Now iterate by repeatedly operating on a vector
\[\mathbf{v}\]
with
\[M^{-1}\]
and this will iterate to the eigenvector with smallest eigenvalue.
Example: Let
\[M= \left( \begin{array}{ccc} 4 & 3 & -1 \\ 2 & 3 & -1 \\ -2 & 1 & 5 \end{array} \right) \]
then
\[M^{-1}= \left( \begin{array}{ccc} 0.333 & -0.125 & 0.042 \\ -0.167 & 0.375 & 0.042 \\ -0.167 & -0.125 & 0.208 \end{array} \right) \]
and let an initial estimate of the unknown eigenvector be
\[\mathbf{v}_1 = \begin{pmatrix}1\\0\\0\end{pmatrix}\]
.
\[\begin{equation} \begin{aligned} M^{-1} \mathbf{v}_1 &= \left( \begin{array}{ccc} 0.333 & -0.125 & 0.042 \\ -0.167 & 0.375 & 0.042 \\ -0.167 & -0.125 & 0.208 \end{array} \right) \begin{pmatrix}\\0\\0\end{pmatrix} \\ &=\begin{pmatrix}0.333\\-0.167\\0.167\end{pmatrix} \\ &= 0.333 \begin{pmatrix}1\\-0.5\\0.5\end{pmatrix} \\ &=0.333 \mathbf{v}_2 \end{aligned} \end{equation}\]

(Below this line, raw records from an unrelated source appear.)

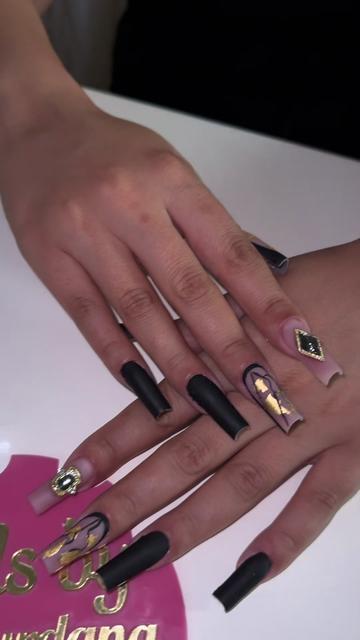 @nails_by_durdana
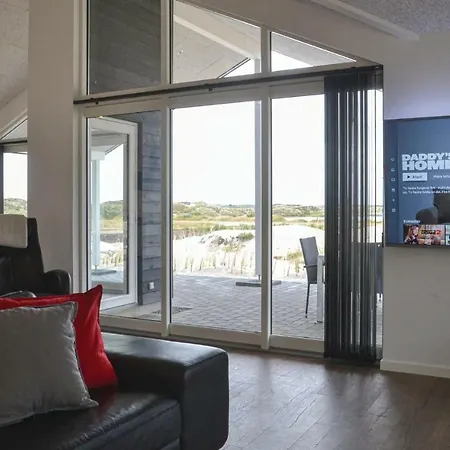 Dom wakacyjny Four-bedroom Holiday In Oksbøl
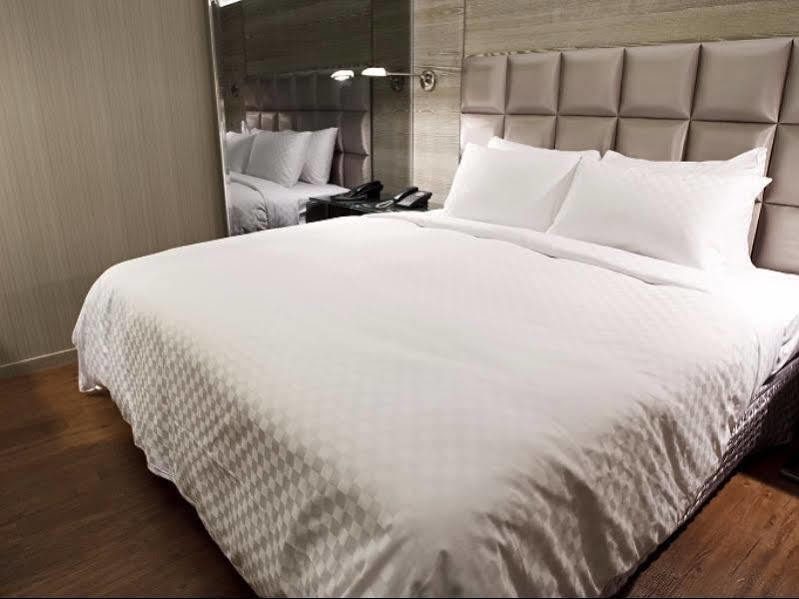 Royal Group Hotel Ho Yi Branch Cao Hùng Ngoại thất bức ảnh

\[\begin{equation} \begin{aligned} M^{-1} \mathbf{v}_2 &= \left( \begin{array}{ccc} 0.333 & -0.125 & 0.042 \\ -0.167 & 0.375 & 0.042 \\ -0.167 & -0.125 & 0.208 \end{array} \right) \begin{pmatrix}1\\-0.5\\0.5\end{pmatrix} \\ &=\begin{pmatrix}0.417\\-0.334\\0.334\end{pmatrix} \\ &= 0.417 \begin{pmatrix}1\\-0.8\\8\end{pmatrix}\\ &=0.417 \mathbf{v}_3 \end{aligned} \end{equation}\]

\[\begin{equation} \begin{aligned} M^{-1} \mathbf{v}_3 &= \left( \begin{array}{ccc} 0.333 & -0.125 & 0.042 \\ -0.167 & 0.375 & 0.042 \\ -0.167 & -0.125 & 0.208 \end{array} \right) \begin{pmatrix}1\\-0.8\\0.8\end{pmatrix} \\ &=\begin{pmatrix}0.467\\-0.433\\0.433\end{pmatrix} \\ &=0.467 \begin{pmatrix}1\\-0.927\\0.927\end{pmatrix}\\ &=0.467 \mathbf{v}_4 \end{aligned} \end{equation}\]

\[\begin{equation} \begin{aligned} M^{-1} \mathbf{v}_4 &= \left( \begin{array}{ccc} 0.333 & -0.125 & 0.042 \\ -0.167 & 0.375 & 0.042 \\ -0.167 & -0.125 & 0.208 \end{array} \right) \begin{pmatrix}1\\-0.927\\0.927\end{pmatrix} \\ &=\begin{pmatrix}0.488\\-0.476\\0.476\end{pmatrix} \\ &= 0.488 \begin{pmatrix}1\\-0.979\\0.979\end{pmatrix} \end{aligned} \end{equation}\]

In this way the eigenvector converges to
\[\begin{pmatrix}1\\-1\\1\end{pmatrix}\]
with corresponding eigenvalue
\[1/0.5=2\]
. In fact:
\[ \left( \begin{array}{ccc} 0.333 & -0.125 & 0.042 \\ -0.167 & 0.375 & 0.042 \\ -0.167 & -0.125 & 0.208 \end{array} \right) \begin{pmatrix}1\\1\\-1\end{pmatrix}=\begin{pmatrix}0.5\\-0.5\\0.5\end{pmatrix} = 0.5 \begin{pmatrix}1\\-1\\1\end{pmatrix}\]

Iteration in this way always iterates to the eigenvector with the smallest eigenvalue.